> Source data:
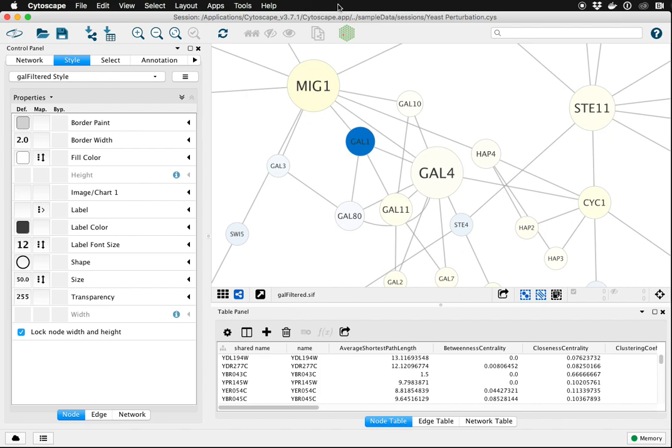For example, in this network we have our data mapped to node fill color and our labels in the center. Everything looks pretty good except for situations like this, Gal1, where the label is difficult to read because of the dark background.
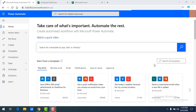Hello Techies, welcome to Microsoft Power Automate Tutorials. In this module we learn three things: one, how to create a flow which will trigger manually — that is a manual flow; second, how to create a manual flow with inputs; and third, how to add data to Excel using this manual flow. First we will see how to create a manual flow.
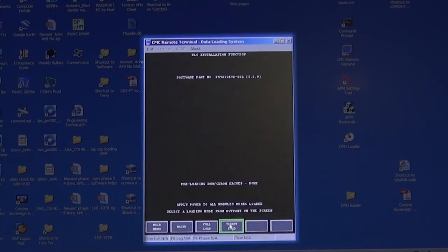Wait for preloading drives to show Done. Using cursor, select Target Load and click on it.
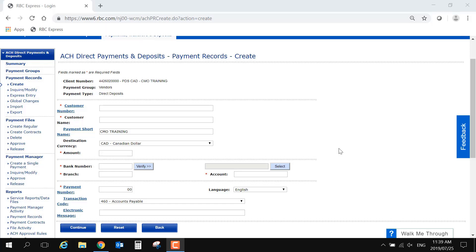The first fields are Customer Name and Customer Number. The Customer Number can be any numbers or letters that help you identify this record. The Customer Name should be their full legal name.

> Work item: Give back, word for word, the lines from the one containing "Hello Techies, welcome" through the last line of the listing above; include both ends and exclude the pictures.

> Solution to the exercise:
Hello Techies, welcome to Microsoft Power Automate Tutorials. In this module we learn three things: one, how to create a flow which will trigger manually — that is a manual flow; second, how to create a manual flow with inputs; and third, how to add data to Excel using this manual flow. First we will see how to create a manual flow.
Wait for preloading drives to show Done. Using cursor, select Target Load and click on it.
The first fields are Customer Name and Customer Number. The Customer Number can be any numbers or letters that help you identify this record. The Customer Name should be their full legal name.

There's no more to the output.